How to Deal with the Skip Over Effect in Marketing & Site Design


What is it?

Have you ever had a loud display of salesmanship grab all of your attention and then missed something useful or important following that? If so, you’ve experienced what I call the “skip over effect.”

As a number of studies on multitasking have shown, we each have a limited amount of mental attention and can only closely observe one thing at a time. Additionally, there seems to be a small mental pause before we can devote our attention to the next thing. During that moment, our minds are closed to new input.

As a business owner, you want to avoid falling into that moment where the skip over effect closes your customers’ minds to your offer.

Example A – Trade Shows

I experienced the skip over effect firsthand many years ago, working as a summer camp director at a trade show. I was at the show to recruit new families for camp.

The summer camp across the aisle was a day camp located in central North Carolina—a land of lakes, heat, bugs, and pine trees. Day camps draw from their immediately adjacent cities and are the least expensive type of summer camp. This camp had a double-width display area but little in the form of table coverings, videos, and backdrops. I liked my placement across from them because their customers were going to be different than mine.

I was at the trade show representing a residential summer camp in the mountains of Western North Carolina—a land of whitewater, clear running creeks, cool weather, big views, and hardwood forests. Residential summer camps in this area draw from all over the country and are one of the most expensive types of summer camp, short of international travel camps.

With five minutes to go before parents came pouring through the doors of the show, the day camp brought in two ATVs and a standing sign about their “Four Wheeler Riding Program.” The ATVs meant big trouble for me because they were very different from everything else on our row and sure to soak up the attention of any kids coming my way.

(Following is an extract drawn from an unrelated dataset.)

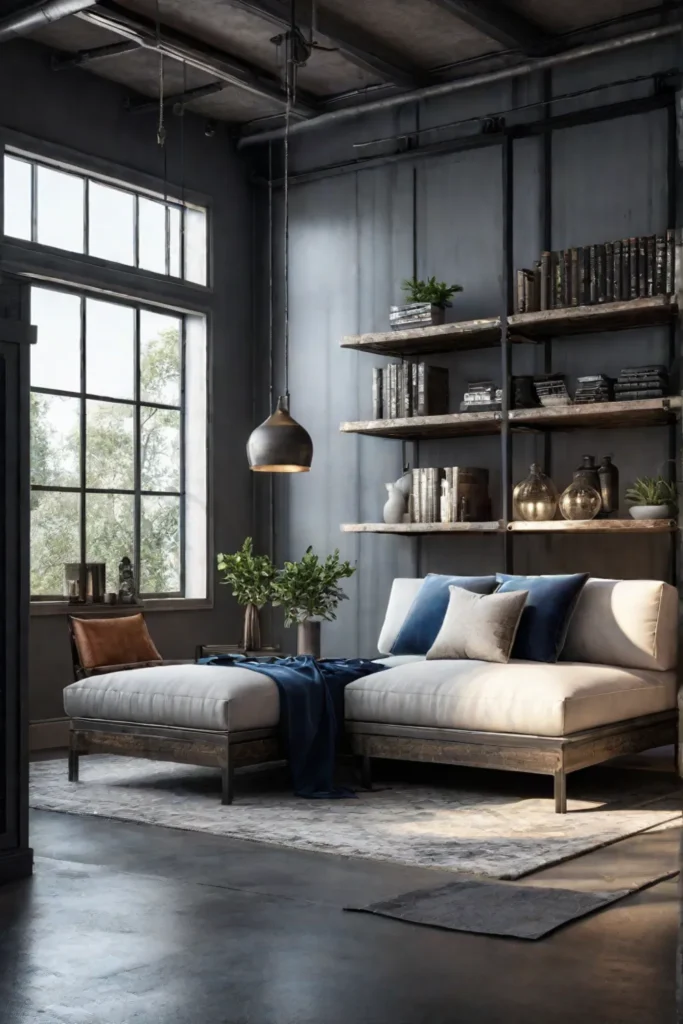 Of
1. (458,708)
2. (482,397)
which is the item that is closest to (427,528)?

I watched hundreds of parents come down my aisle, kids in tow, only to have the kids climb all over the ATVs while mom or dad paused in front of the booth to hear about a camp they probably had no interest in having their kids attend. And then they Skipped Over my booth.

If I’d been on a different aisle, or even two booths down, I would likely have been fine. But I was right there, too close to the spectacle of the ATVs for people to notice the quality of my offerings.

Example B – Adjacent storefronts

Mamacita’s in Asheville

Mamacita’s in Asheville

Mamacitas-CM-final-02

The space next to Mamacita’s

The restaurant on the left, Mamacita’s, has the best make-your-own burritos in Asheville, and it has a huge volume of customers and reviews. It has bright logos, a sign on the curb, and tables out front. Mamacitas also often has a lunch or even dinner line stretching out the door. The restaurant on the right is closed, out of business, and it’s the third of three worthy restaurants to fail at this location.

The problem? The skip over effect. The people who walk by and decide “not Mamacitas” have already passed the restaurant next door before their minds are ready to consider another dining option.

Ways to Avoid the Skip Over Effect

  1. Move. This is the most important principle—take action to avoid being located immediately adjacent to a business that will suck up everyone’s mental attention. Speak up and ask to be moved at a trade show or any situation where you have a choice. This is especially true if you sell the same class of goods or services.
  2. Get sneakier.
  • Cut a side deal with the other business. This is what I wish I had done with my 5 minutes of time at the trade show with the four wheelers—I could have approached the day camp staff and worked out an alliance, where we each personally directed customers to each other’s booths when we thought the other camp was a good match.
  • Bring people in the side door, literally or figuratively.
  • Change your business to serve a totally different audience, one that is immune to the skip over effect. This, of course, is very difficult to do, but you might have to consider it if you find yourself stuck right next to the best burritos in town.

Implications for Web Design and Conversions

In our site designs, we work very hard not to waste attention on design elements that are not essential to the site visitor. When we see other websites, we’re often amazed at the equal visual weight, or disproportionate emphasis, given to items that do not increase conversions.

When a page is cluttered, or when a design element that has zero influence on conversions has more visual impact than your call to action, you can be sure that your visitors are mentally pausing after their minds “see” those elements. During that mental pause, you are missing a chance to get them to buy or inquire. In the worst cases, they’ll simply leave your cluttered site feeling overwhelmed or like you don’t have what they want.

So, cut down the noise and make sure your site lets visitors to devote their full attention to the actions you want them to take.